● Task details: Please print exactly the lines from the line containing "this 620×349 image." through the end of the data, no more, and keep pictures out of the copy.

● Dataset entries:
= Beginning of Section =

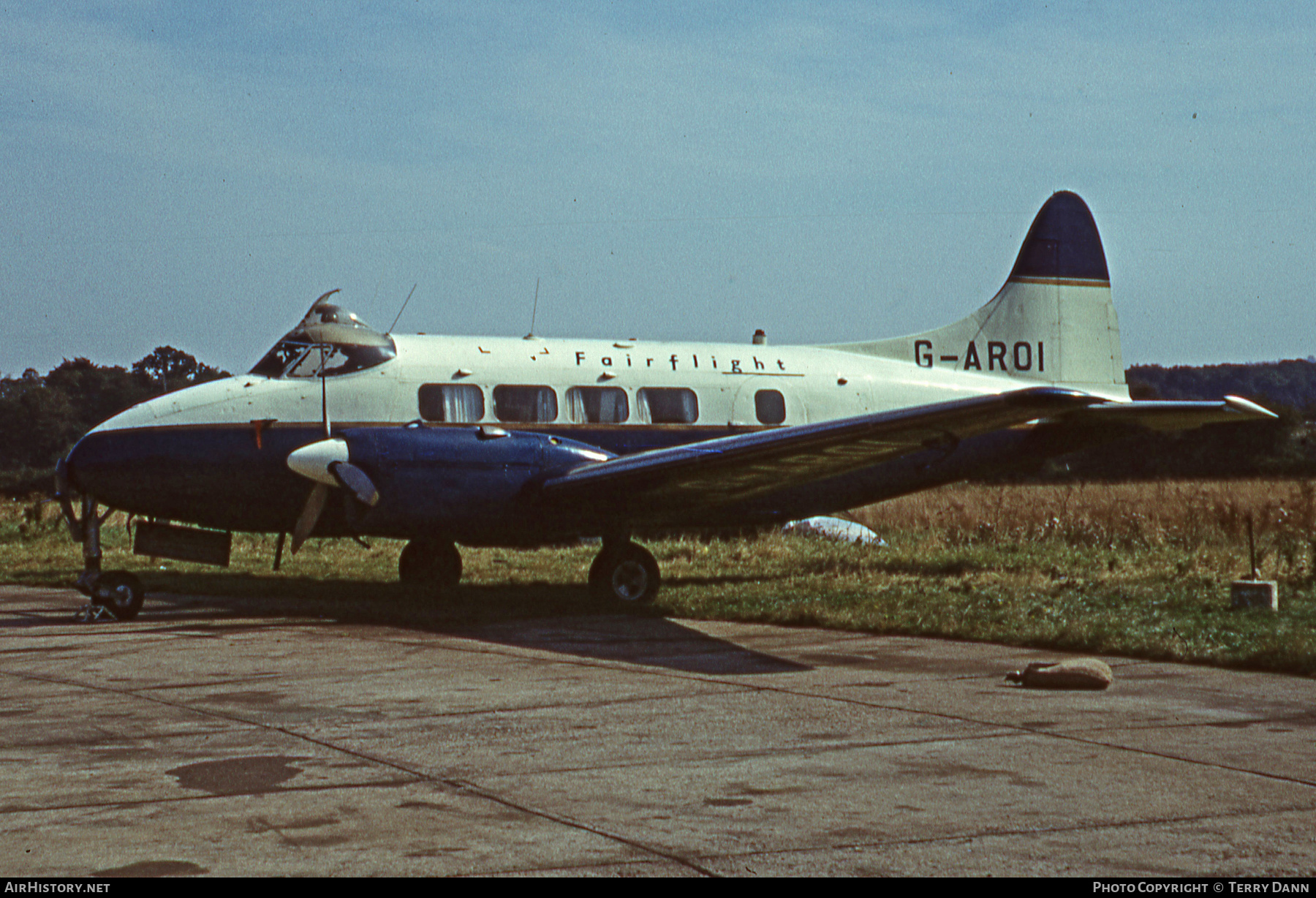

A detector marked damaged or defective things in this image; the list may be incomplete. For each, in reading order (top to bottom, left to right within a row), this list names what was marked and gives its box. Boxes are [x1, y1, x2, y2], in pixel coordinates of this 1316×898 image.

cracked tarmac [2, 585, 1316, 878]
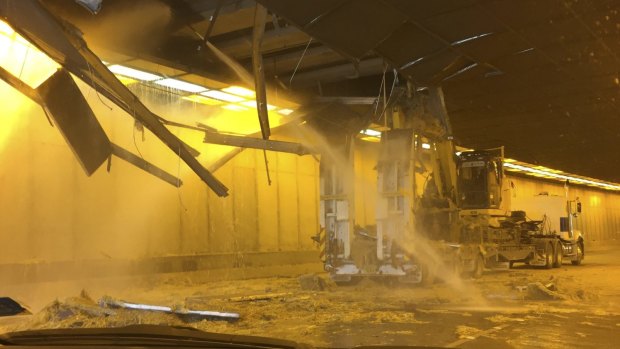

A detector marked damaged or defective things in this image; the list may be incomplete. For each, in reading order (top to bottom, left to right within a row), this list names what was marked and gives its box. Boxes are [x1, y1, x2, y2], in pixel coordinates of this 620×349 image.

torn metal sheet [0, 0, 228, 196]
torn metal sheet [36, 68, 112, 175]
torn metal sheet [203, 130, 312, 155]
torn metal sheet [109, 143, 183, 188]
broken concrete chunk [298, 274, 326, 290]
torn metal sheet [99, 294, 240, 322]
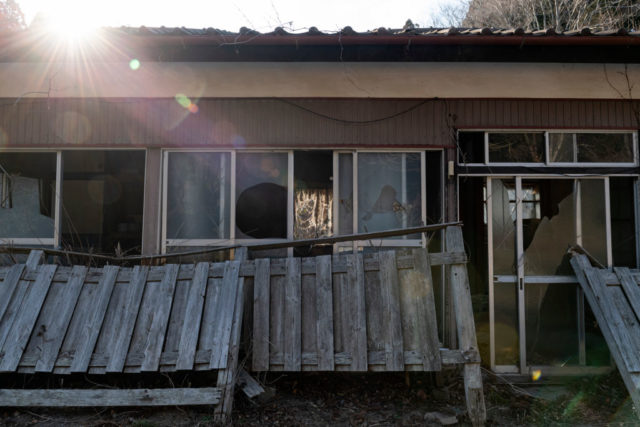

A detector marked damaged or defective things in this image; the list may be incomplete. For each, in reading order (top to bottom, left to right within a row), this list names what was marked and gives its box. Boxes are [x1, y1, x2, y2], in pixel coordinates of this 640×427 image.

= End of Section =

● Exercise response:
A detector marked damaged or defective things in this image; the list may be incomplete. For each, in reading order (top to bottom, left to right within a row), this list names what was marked and gives its box. Boxes are [x1, y1, x2, y2], in pixel coordinates of this 620×349 image.

torn metal sheet [0, 0, 228, 196]
torn metal sheet [36, 68, 112, 175]
torn metal sheet [203, 130, 312, 155]
torn metal sheet [109, 143, 183, 188]
broken concrete chunk [298, 274, 326, 290]
torn metal sheet [99, 294, 240, 322]

A detector marked damaged or defective things in this image; the list may be incomplete. For each, in reading order (top to bottom, left to right within a row), this list names what was marked and gives its box. Boxes are [x1, y1, x2, y2], in pixel coordinates of this 640×427 image.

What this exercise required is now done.